What the task asks: Nothing but the lines below from the one holding "Carnelian heart pendant" up to and including the one holding "Image of two" should be copied, exactly and without pictures.
*** Records supplied
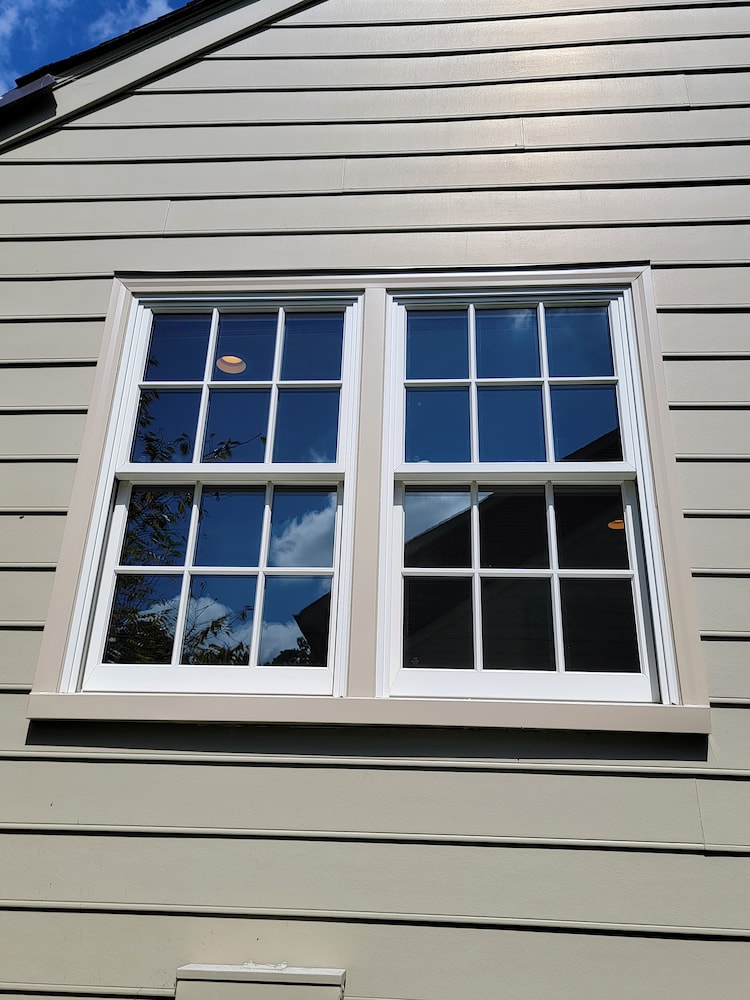 Exterior shot of Henrico home's new double-hung windows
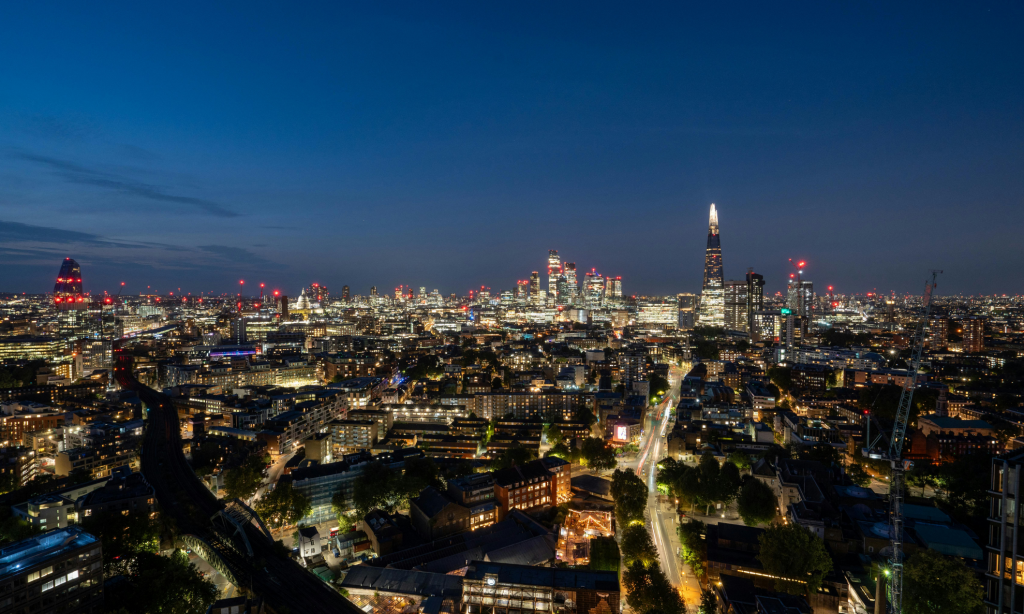 A night-time panorama of London showing illuminated buildings, including The Shard and the City’s financial district.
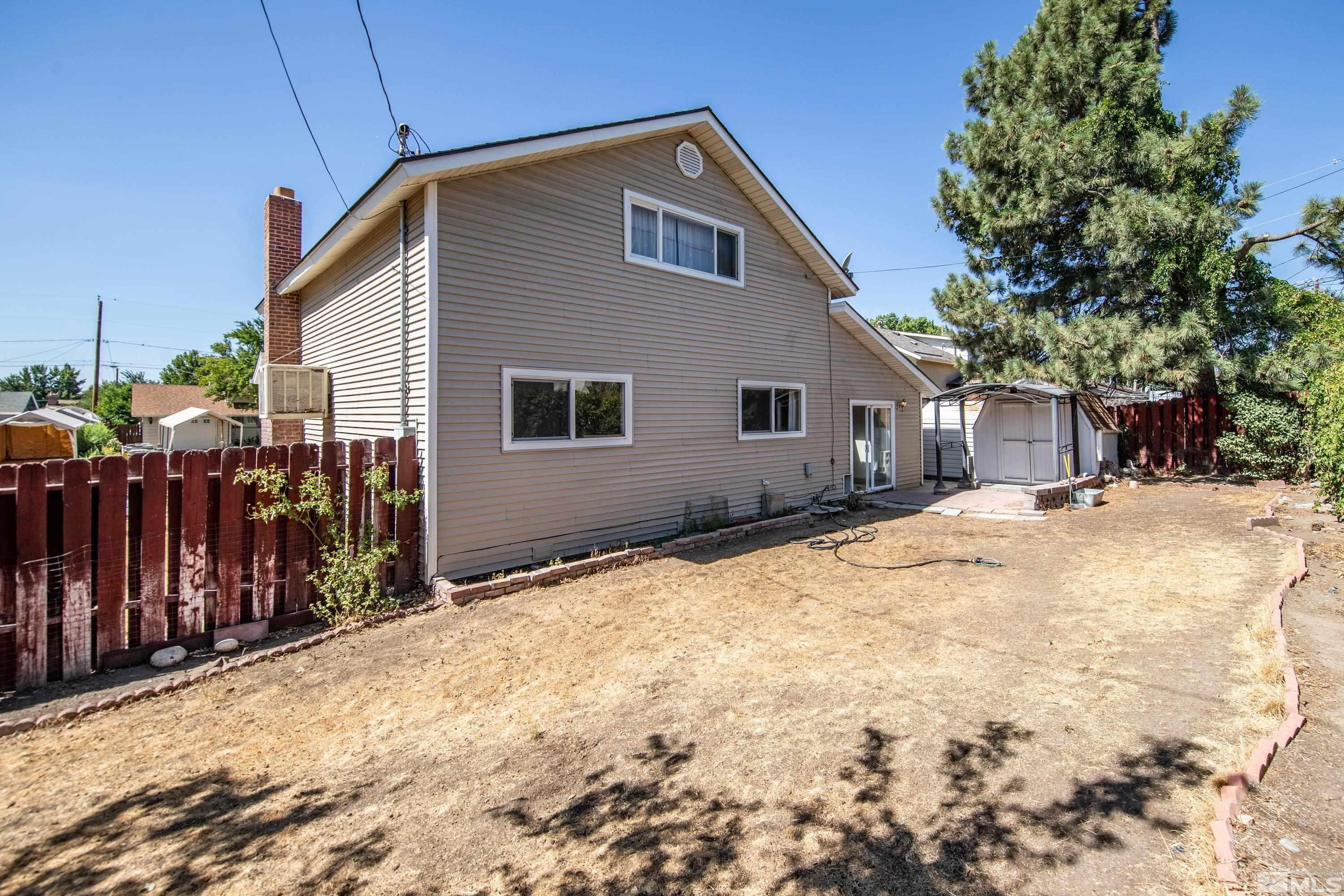 2555 Dyer Way Reno, NV 89512 - Photo 17 of 18 a backyard of house with trees and wooden fence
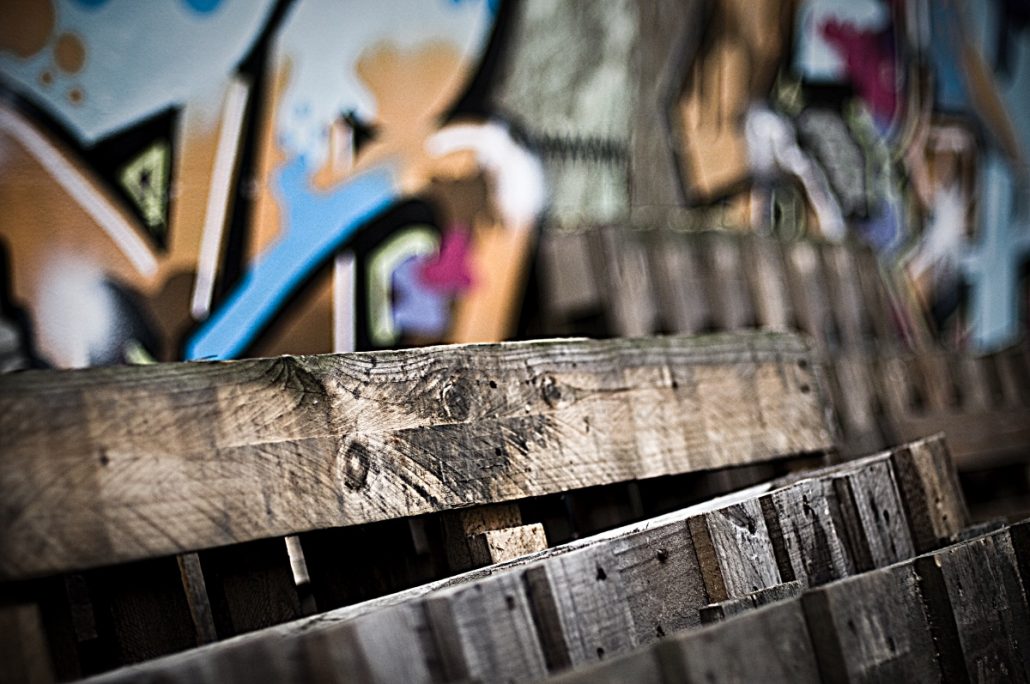 Urban photograph of wooden pallets in front of a sprayed wall.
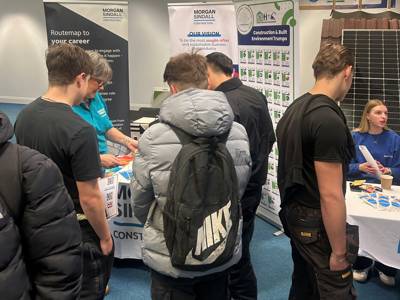 Students chatting to staff from Morgan Sindall at the Construction Careers Fair 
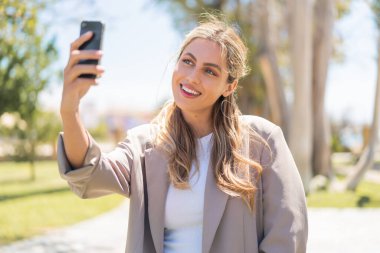 Genç, güzel sarışın Uruguaylı kadın açık havada selfie çekiyor.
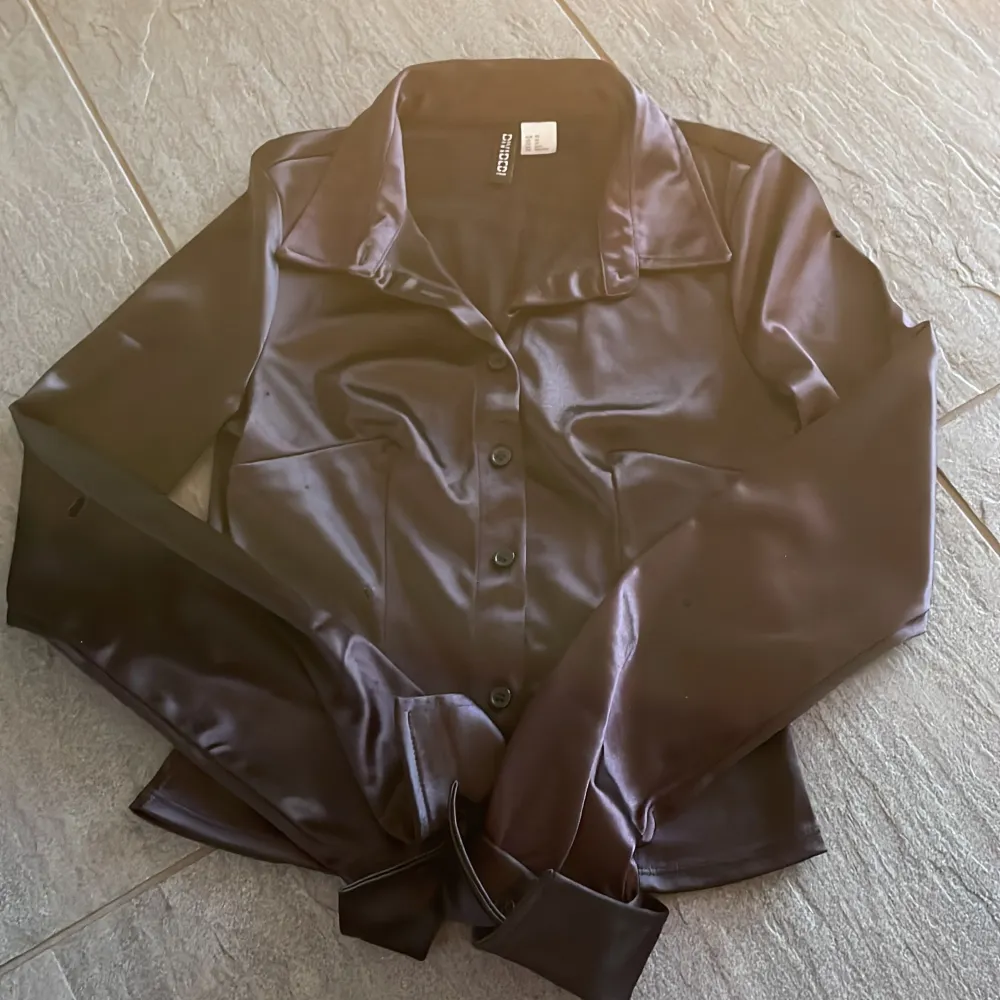 En svart glansig skjorta från divided H&M. Den är i storlek xs. Säljer den för att inte kommer till användning och använd fåtal gånger, inga defekter! Frakten kostar 58kr!💕. Skjortor.
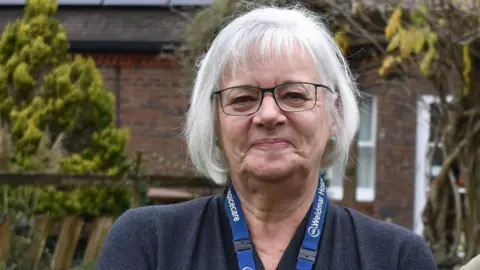 Weldmar Hospicecare Caroline Hamblett smiles at the camera in a garden at the hospice. She has short, white hair and glasses.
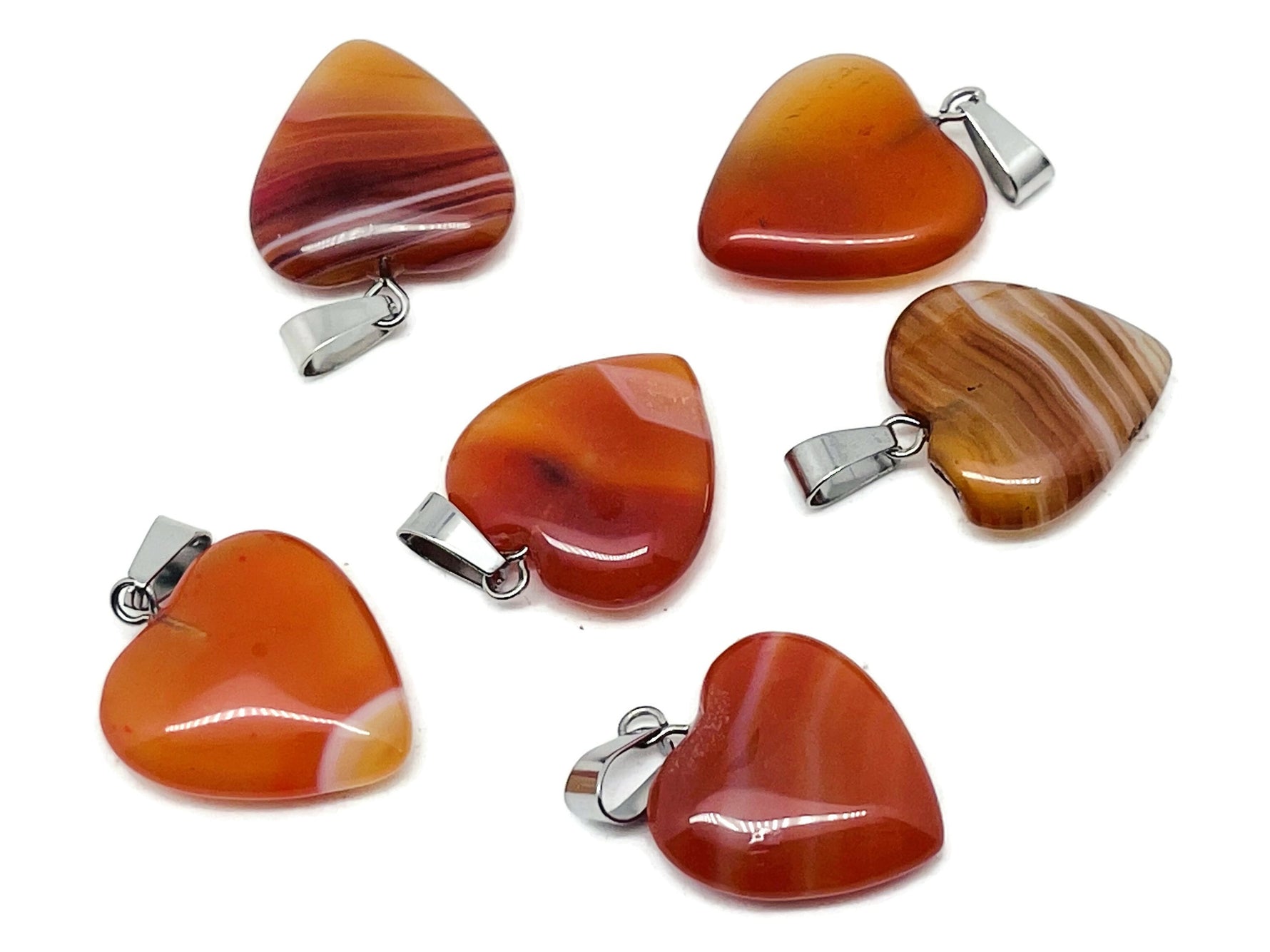 Carnelian heart pendant by GemstoneGO featuring a mini crystal design, perfect for healing and gifting.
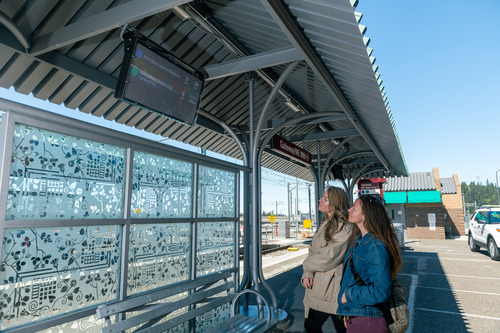Image of two women looking at a digital display at the Gateway/NE 99th Ave Transit Center in Portland.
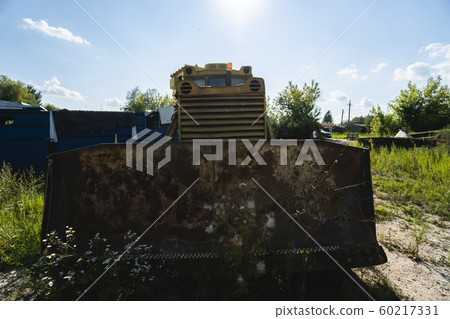 Old yellow rusty tractor in field in sunny day. Old yellow rusty tractor in field in sunny day. 60217331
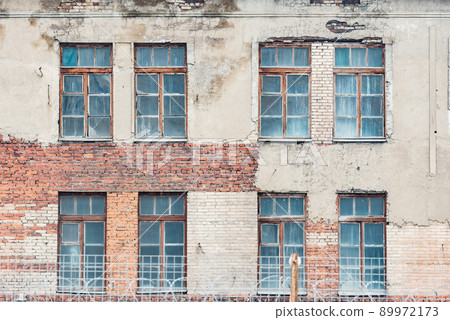Concrete fence with barbed wire of the prison. 89972173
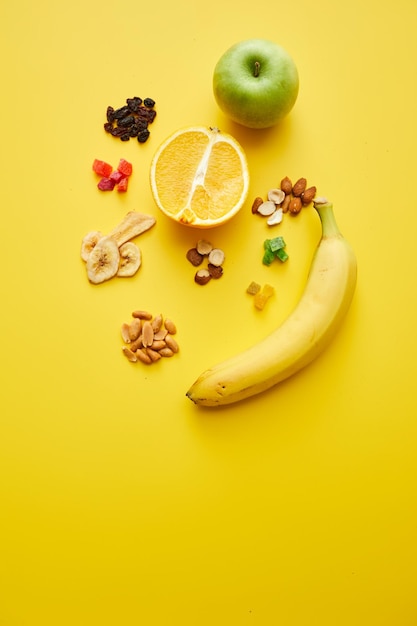 Vista de alto ângulo da seção transversal de frutas e nozes fritas de banana maçã laranja em fundo amarelo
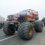 A red monster truck with large tires drives down a road during a parade with spectators on both sides.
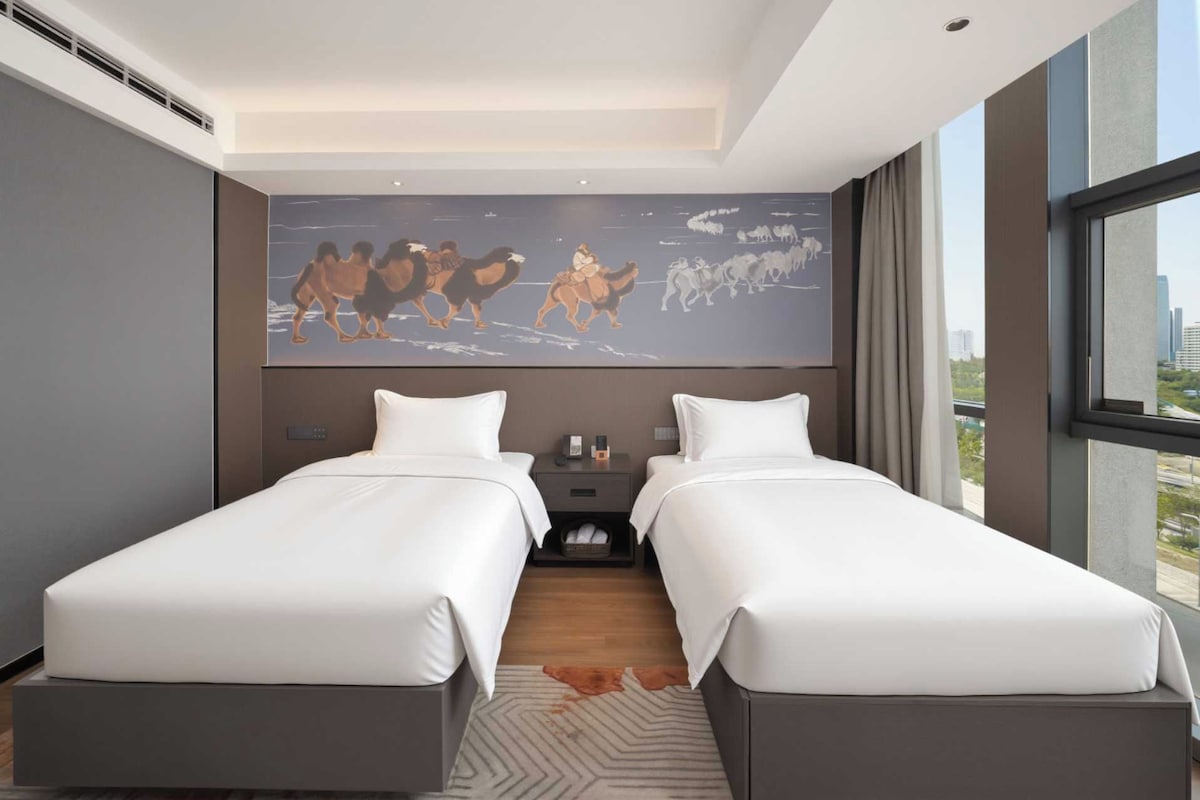 A hotel room with two beds, a large window, and a mural of camels on the wall.
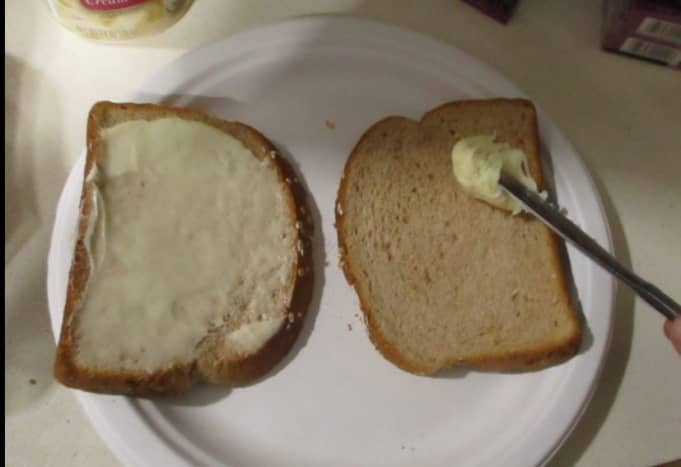 Spread the frosting on the bread.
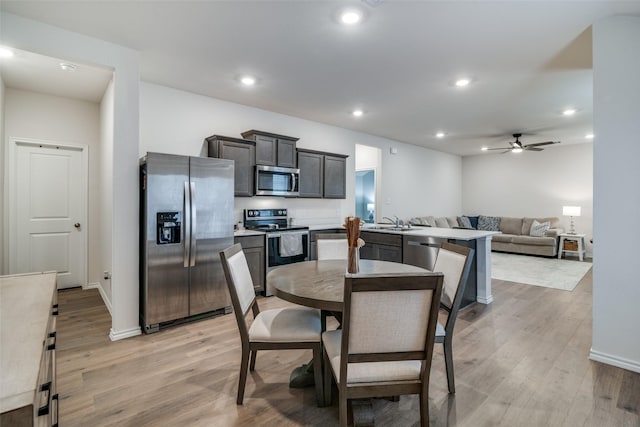 dining room with sink, light hardwood / wood-style floors, and ceiling fan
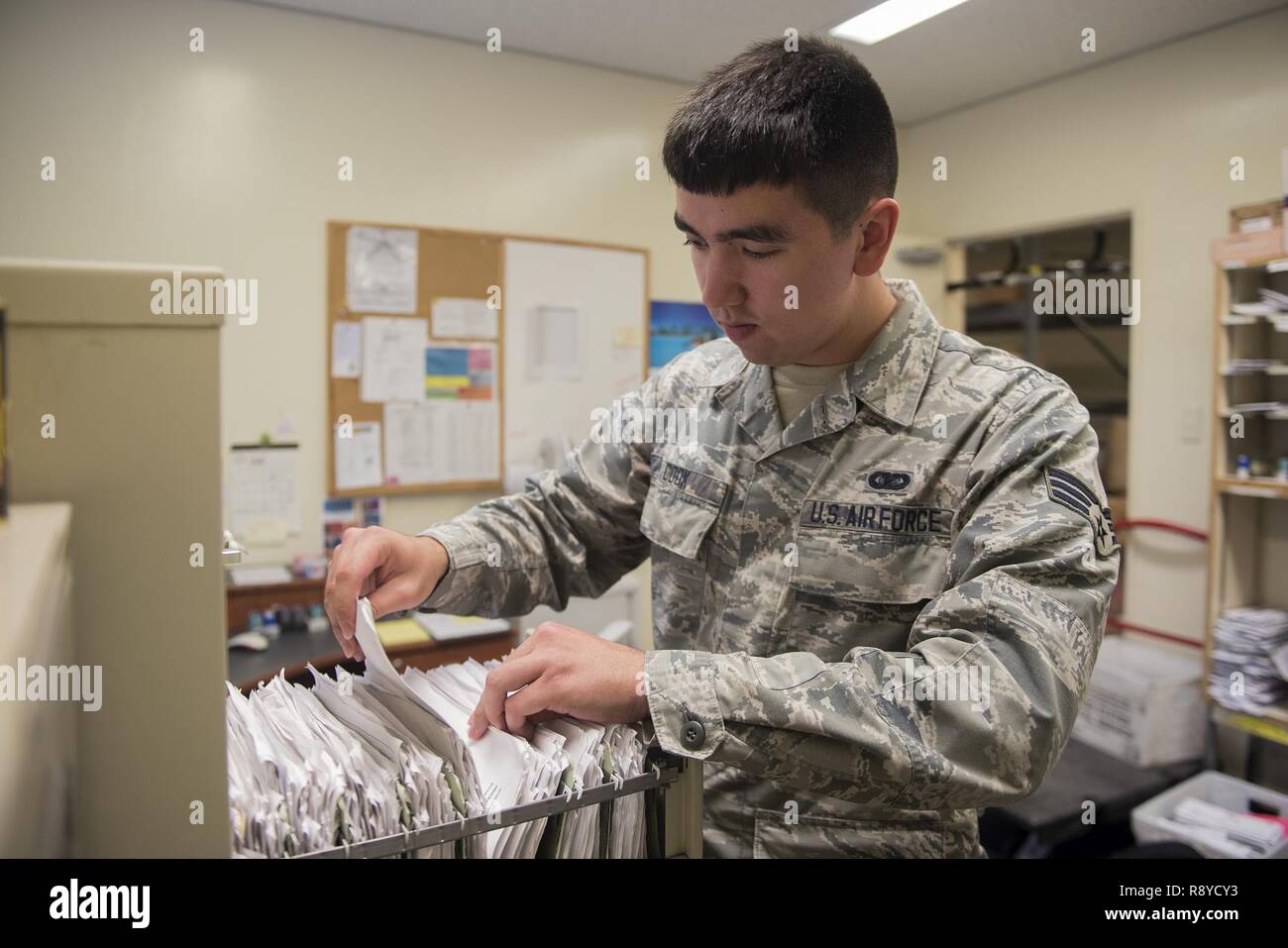 u-s-air-force-senior-airman-calvin-cook-18th-communications-squadron-postal-clerk-files-member-s-p-o-box-information-at-the-kadena-air-base-post-office-march-13-2017-on-kadena-air-base-japan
******
Solution for this exercise:
 Carnelian heart pendant by GemstoneGO featuring a mini crystal design, perfect for healing and gifting.
Image of two women looking at a digital display at the Gateway/NE 99th Ave Transit Center in Portland.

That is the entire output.